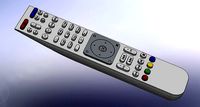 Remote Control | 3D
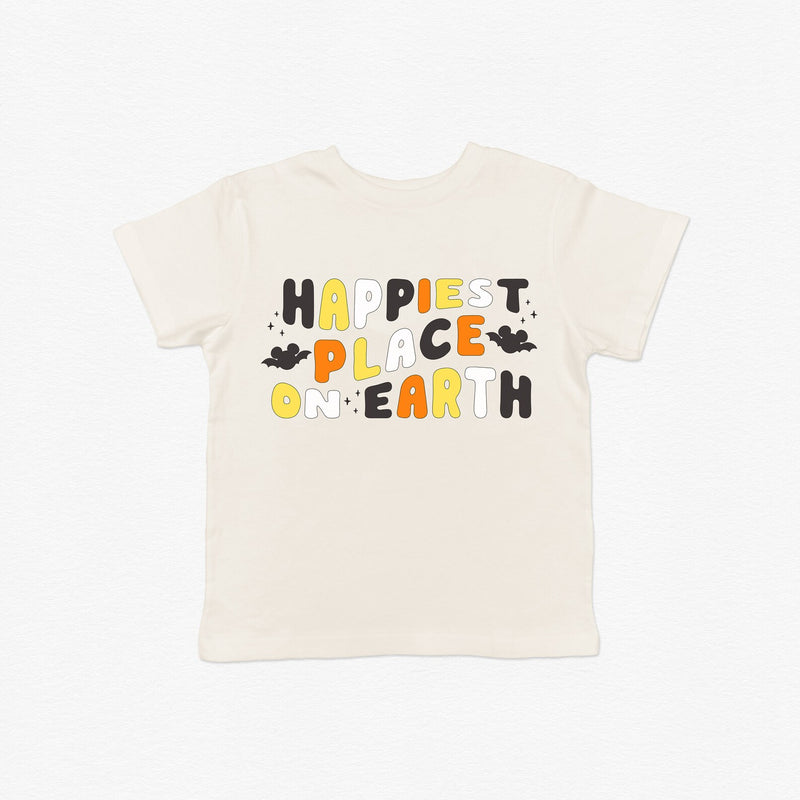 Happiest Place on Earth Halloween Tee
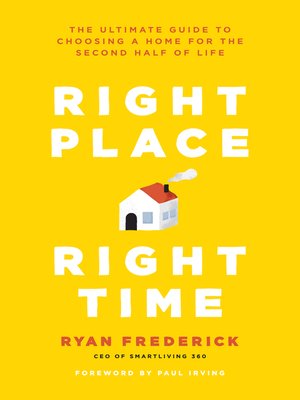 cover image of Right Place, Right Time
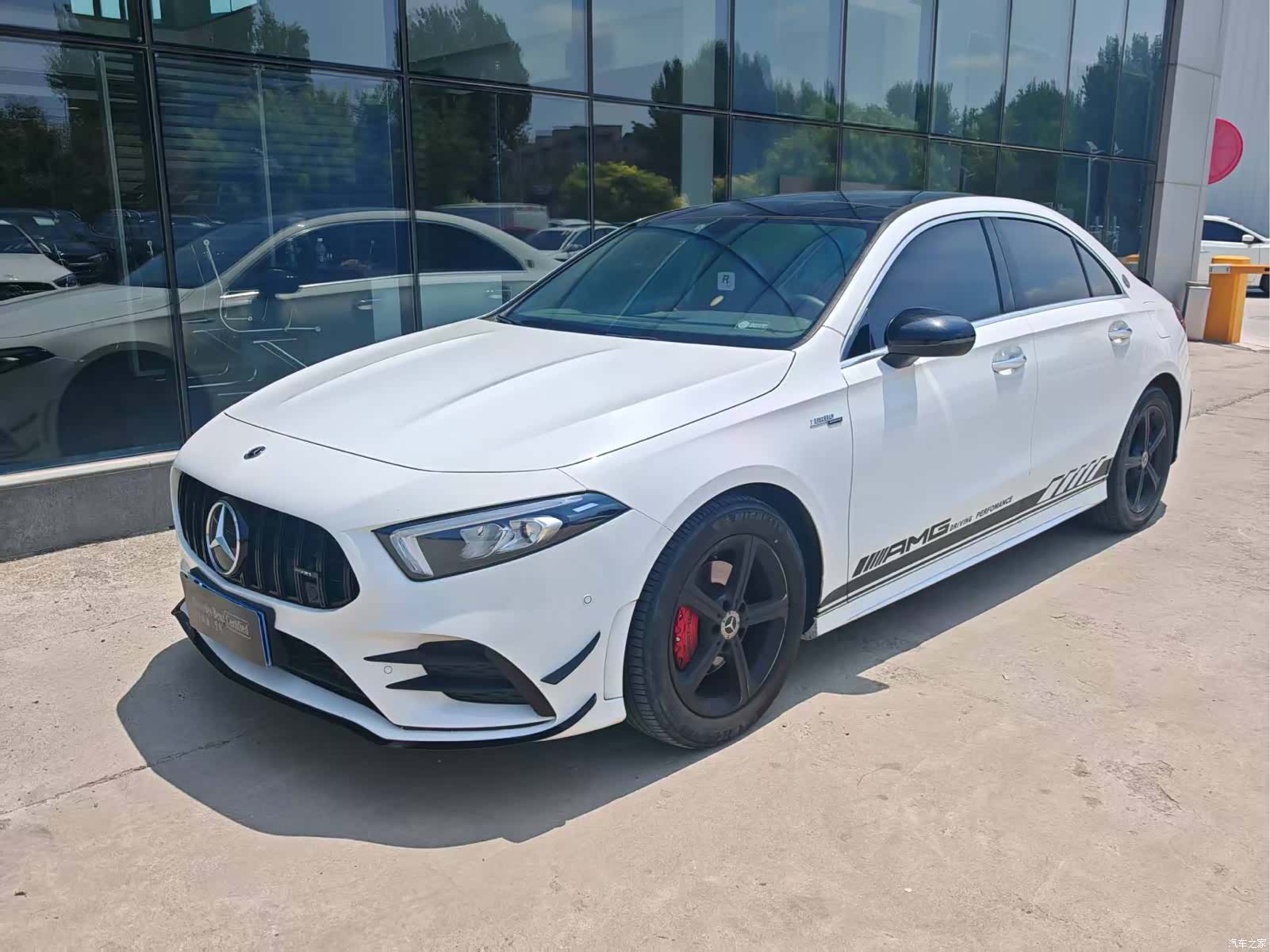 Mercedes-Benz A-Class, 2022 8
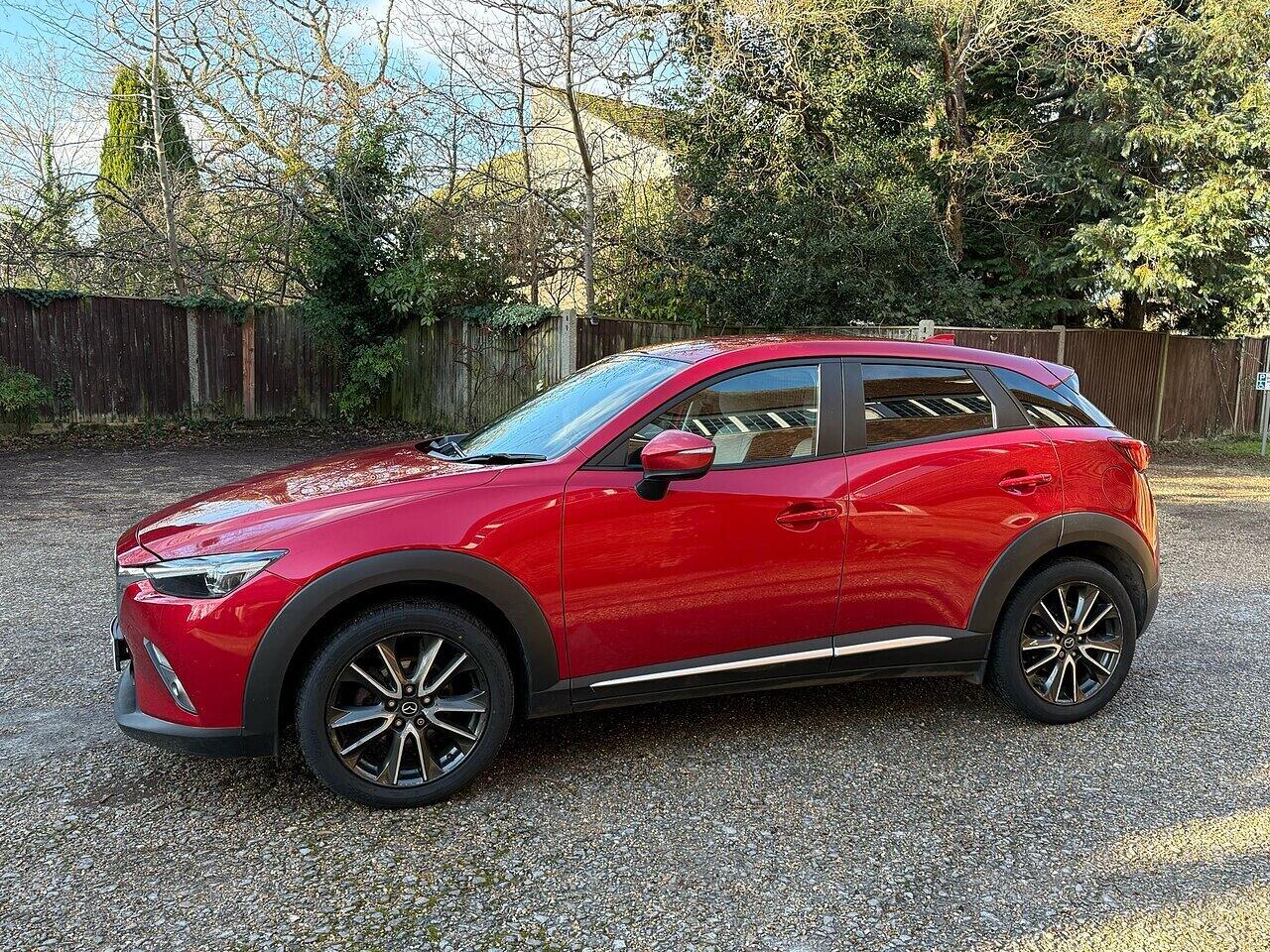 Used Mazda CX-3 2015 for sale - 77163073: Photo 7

##############################

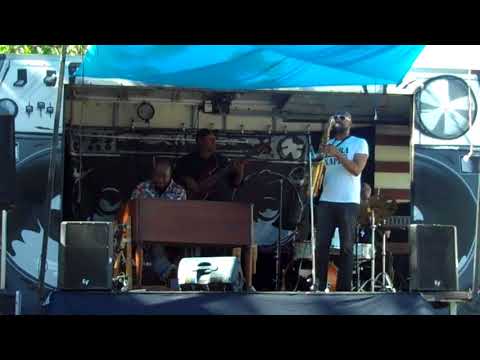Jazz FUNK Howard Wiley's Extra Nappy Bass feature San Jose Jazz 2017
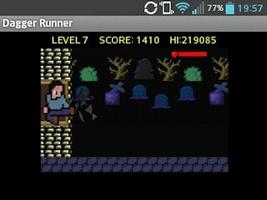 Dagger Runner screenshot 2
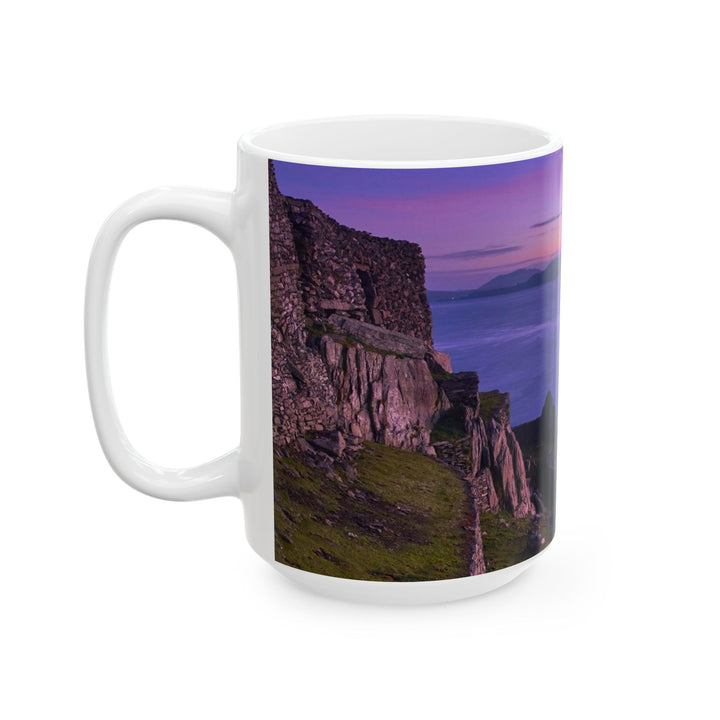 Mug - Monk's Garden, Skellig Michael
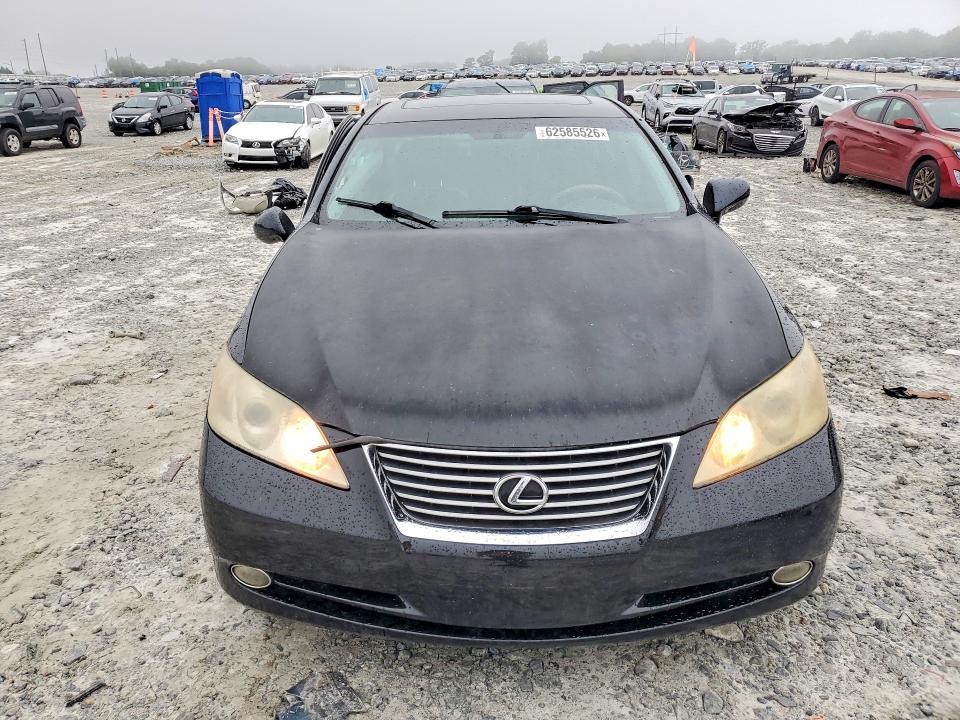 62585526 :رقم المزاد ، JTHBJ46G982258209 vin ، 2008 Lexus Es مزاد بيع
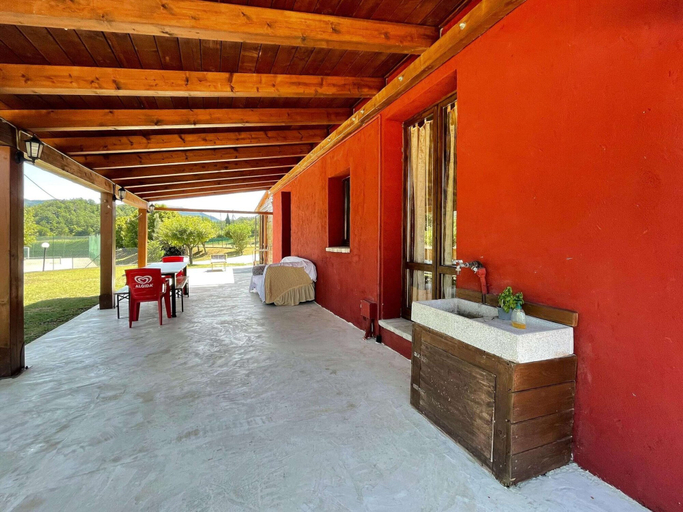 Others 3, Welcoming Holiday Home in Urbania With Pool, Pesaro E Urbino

##############################

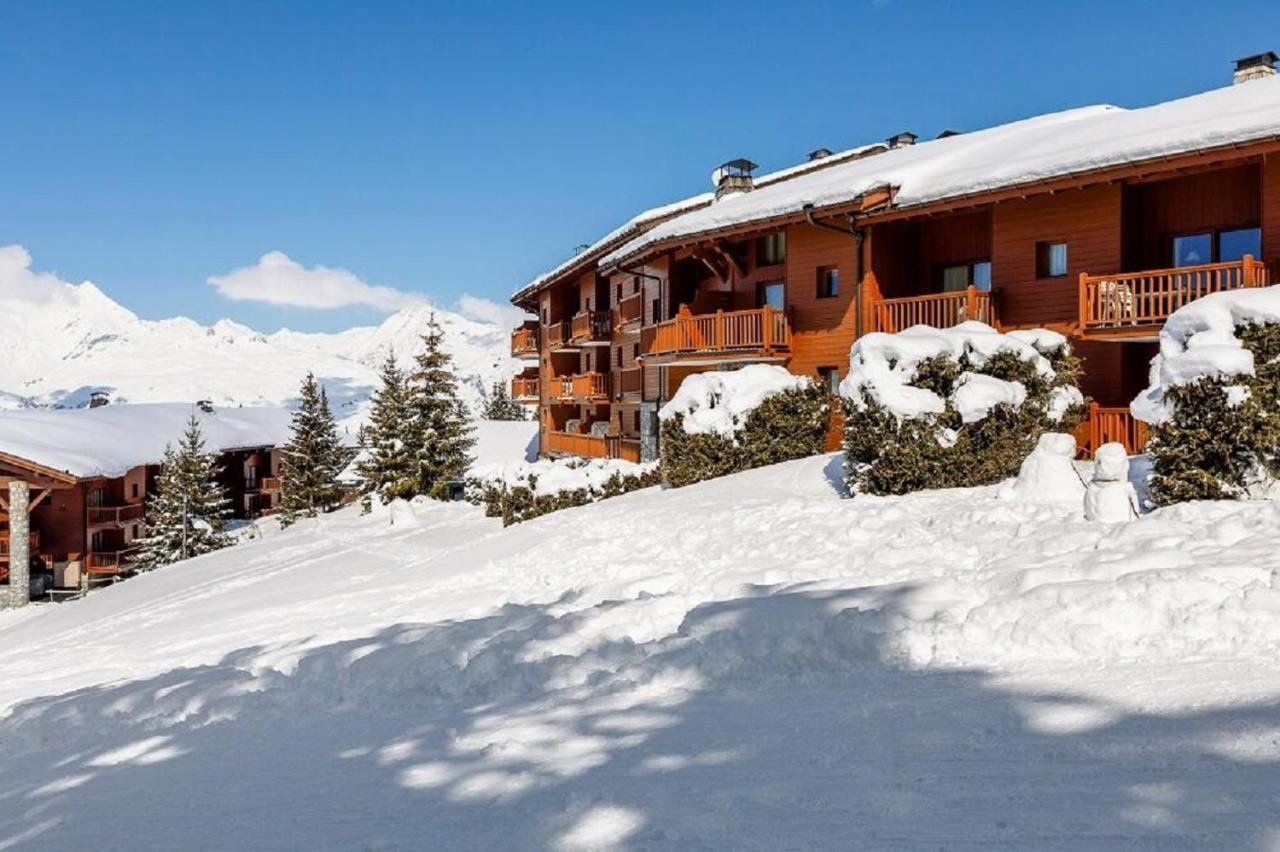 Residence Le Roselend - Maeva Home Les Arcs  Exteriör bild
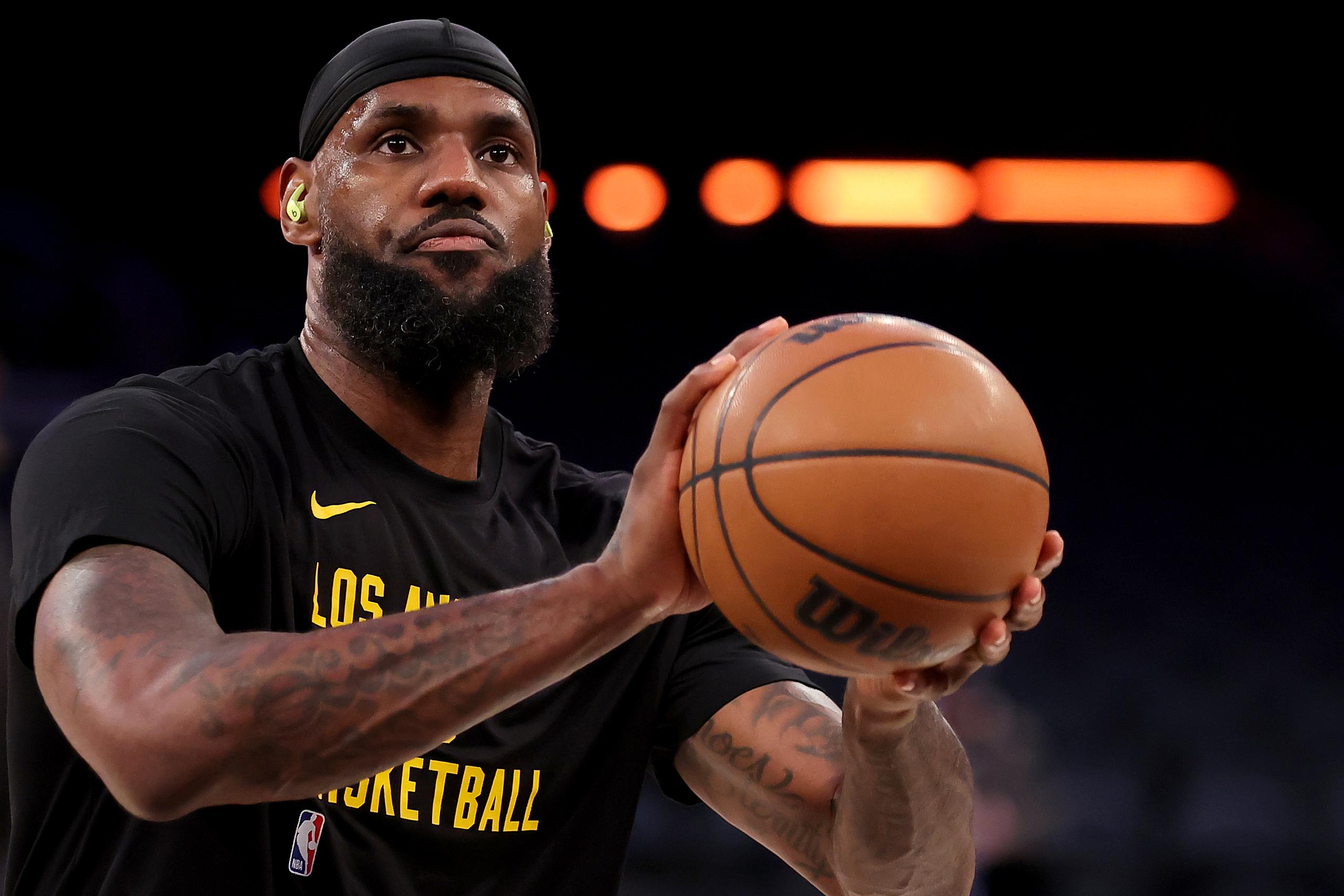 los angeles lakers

##############################

▶ _Activity_
In the records above, everything from the line with "Mercedes-Benz A-Class, 2022 8" down to the line with "Used Mazda CX-3" must be duplicated exactly, both lines kept. Leave no pictures in.

▶ _Answer to the problem_
 Mercedes-Benz A-Class, 2022 8
 Used Mazda CX-3 2015 for sale - 77163073: Photo 7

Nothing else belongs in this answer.